Fox News appears to be the only news outlet reporting this. It noted that the raw data from the FBI for April shows there were 2,045,564 checks with the National Instant Check System (NICS), while April of last year saw 2,1145,865 NICS Checks.
However, when the figures are adjusted by the NSSF, last month’s number was 1,111,596, up 0.04 percent over April 2016’s figure of 1,111,205 NICS checks for gun purchases.
Fox noted that, “The group’s analysis strips out NICS checks that are conducted for gun-carry permits or other checks that aren’t related to sales.”
By no small coincidence, the Washington State Department of Licensing reported Monday that as of May 1, there were 580,861 active concealed pistol licenses in the Evergreen State.
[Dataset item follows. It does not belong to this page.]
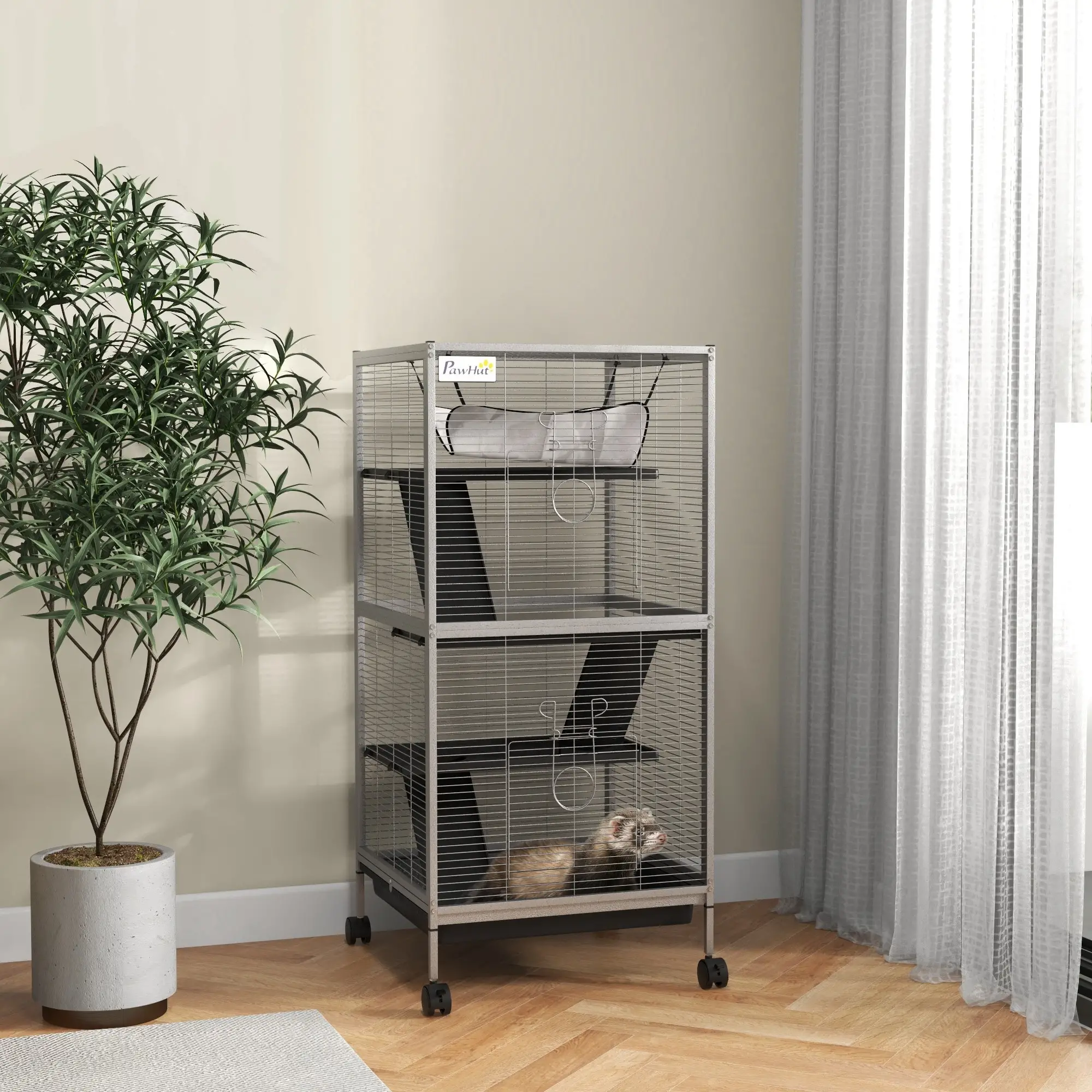 Steel Small Animal Cage, for Guinea Pig, Ferret, Light Grey - Image 8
That’s up 2,612 above the figure at the end of March.
Washington is considered a “blue” state only because of Seattle’s far left voting pattern that seems to dominate all national political votes in that state.
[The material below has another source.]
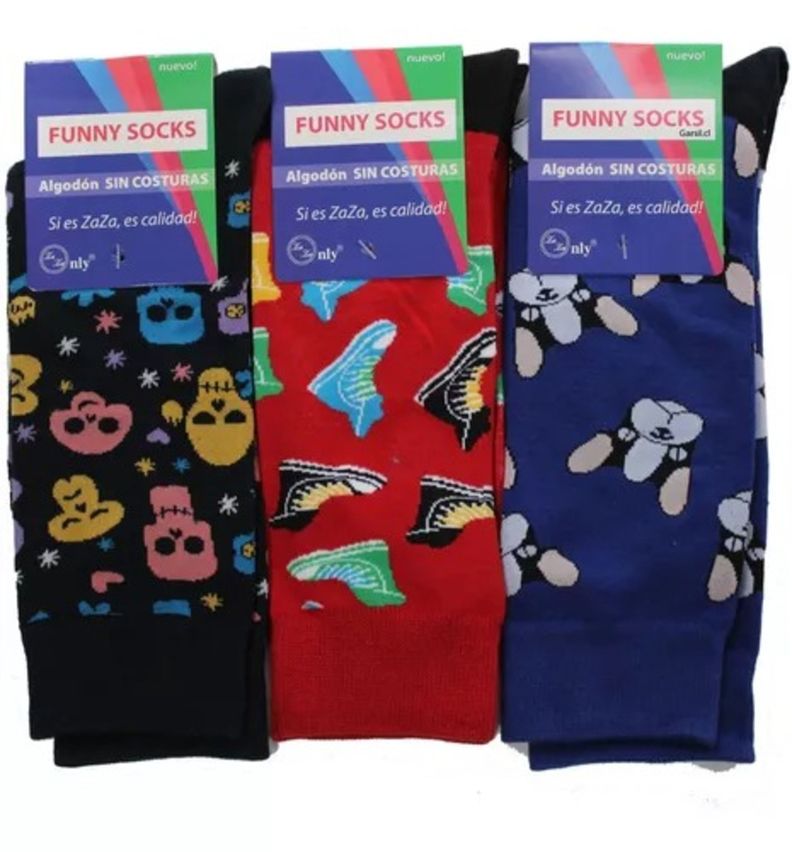 Calcetas Calcetines Con Diseños Surtidos Unisex - Algodón - Docena-2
Over the weekend in Atlanta, more than 81,000 people attended the National Rifle Association’s annual convention. The immediate neighborhood around the convention center and hotels was quite possibly the safest and most polite area of the city for the entire weekend.
What does all of this mean? Essentially it is bad news for liberal gun control proponents. They had fits over the fact that Trump appeared at the NRA gathering. Perhaps more important, while they are spreading alarm among their supporters that the president is open to approving legislation that expands – or one might suggest “restores” – gun rights following decades of erosion, they can’t seem to stir the masses.
On the weekend when tens of thousands of Second Amendment people streamed into the convention center, the gun prohibition lobby could pull only a couple of hundred people – provided one believes the media’s crowd size estimate – to protest the convention at a park a couple of blocks away.
The gun prohibition lobby is especially fearful of national concealed carry reciprocity and passage of the national Hearing Protection Act, which would make suppressors (“silencers”) more available to the general public.
It may be no wonder why more people now feel the country is headed in the right direction than they did during the past administration. Rasmussen Reports said Monday that 38 percent of likely U.S. voters think the country is on the right track. That’s down 9 points from January right after Trump took office, but up significantly from the typical numbers over the past few years.